A: You have been performing “excellence” as a survival strategy. You may have been taught, implicitly or explicitly, that you owe your family success, stability and credibility in exchange for their sacrifices. This isn’t uncommon in South Asian families and in immigrant families more broadly. Over time, this pursuit of excellence becomes entangled with your sense of self-worth. You start to believe your value lies in how well you fulfil the duty placed on you.
But who are you without the “model child” mask? What parts of you had to be hidden, silenced or softened to be seen as dutiful? It’s okay to step away from perfection. It’s okay to choose joy, creativity and rest – not as rewards, but as your birthright. Who are you when you are not producing, giving or doing?
It sounds like you may come from a family where love is shown through provision, discipline, protection – not affection, validation or freedom to explore personal joy. So it makes total sense that now, as an adult, you struggle to centre yourself without guilt. You weren’t born believing you were undeserving – you learned it. This isn’t just psychological. It’s generational, cultural and systemic, and that’s why it’s so hard to “just believe” you deserve love and happiness.
But joy is not selfish. It’s not frivolous. Joy is a form of healing, and quite honestly, it’s an act of rebellion and resistance. You’re not “wasting time” when you go to a coffee shop or paint for an afternoon; you’re rewriting the story that your worth comes from labour or self-sacrifice. I understand this can feel uncomfortable, but start small. Spend 10 minutes once a week sketching, or have a goal to go to one coffee shop in the next two weeks and do nothing except people-watch. It will be so important for you to slowly infuse this joy and creativity into your life; otherwise, you will never do it. Consider bringing a friend or accountability partner along for a pottery class, or journal as you go to process how this feels and what you are unlearning/learning about yourself along the way.
Doing more of what you want will also allow you to see yourself in a more positive light. You are feeling the pressures of Eurocentric beauty standards – which can affect even the most self-assured people – but neglecting your desires is almost certainly compounding the issue. As I said in a previous column, society constantly decentres women of colour from desirability narratives, but that doesn’t mean you’re not desirable.
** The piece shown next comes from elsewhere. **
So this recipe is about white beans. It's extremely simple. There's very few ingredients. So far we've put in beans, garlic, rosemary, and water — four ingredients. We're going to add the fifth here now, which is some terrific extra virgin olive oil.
When you’ve never been reflected in stories of softness, affection and being wanted, it makes sense you’d internalise a sense of invisibility. Healing this starts with seeing yourself with new eyes and surrounding yourself with voices that reflect that back. That could mean following South Asian artists, models and creators who redefine beauty. Or it could mean reading poetry or stories by women of colour about love and desire. Even more, turn the lens inward and affirm your own worth. What do you love about yourself? What does it mean to listen to your bodily wisdom of what feels good and pleasurable? What are your needs in relationships?
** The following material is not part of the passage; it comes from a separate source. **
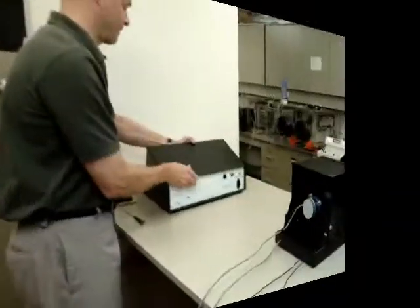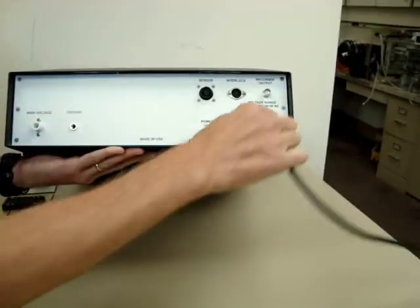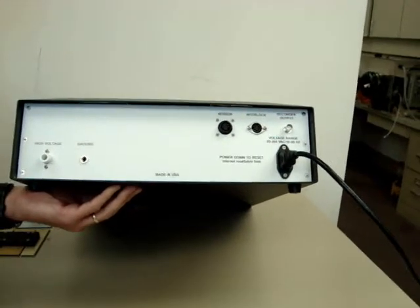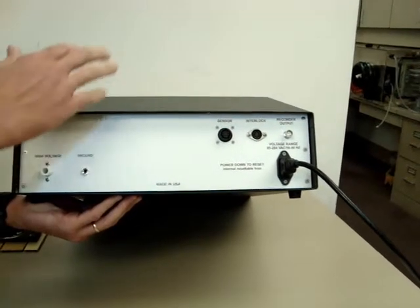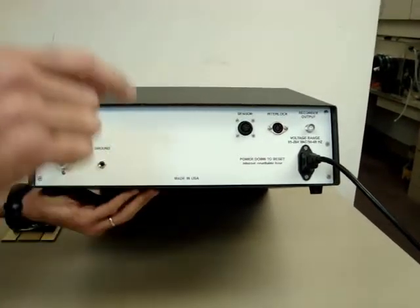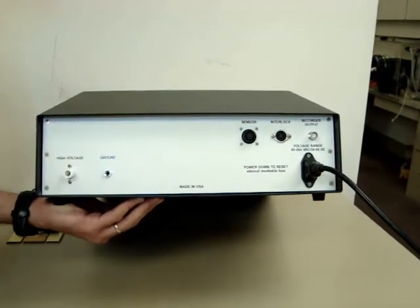First, we're going to plug in the cables, starting with the power in. One thing to mention about the power in is that there's an internal resettable fuse. If there's a power surge and the power inside the unit cuts off, you need to turn the power off, wait 20 seconds or more, then turn the power back on and the fuse is reset.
I don’t believe you need to love yourself to be loved by others; after all, relationships can actually give us agency to discover self-love. So while you wait for romantic love, pursue reparative relationships – where you feel safe, seen and can practice being vulnerable – in friendships and with strangers. Get to know that barista at the local coffee shop you’re going to visit. Practice showing up in your fullness.
Love that aligns with who you are will come when it comes. And it will not make you more whole; it will simply meet you where you already are. You’re not “less than” for not having had that yet. You’re simply waiting for someone who can hold the fullness of your being, which you are just now learning to reclaim for yourself. Let the romantic loneliness remind you that you crave connection not because you’re lacking, but because you were made for it.
You ask how you can truly believe you deserve love, hobbies and happiness. The truth is: You don’t “convince” yourself. Rather, you begin to believe it by practising it, gently and consistently, in your life.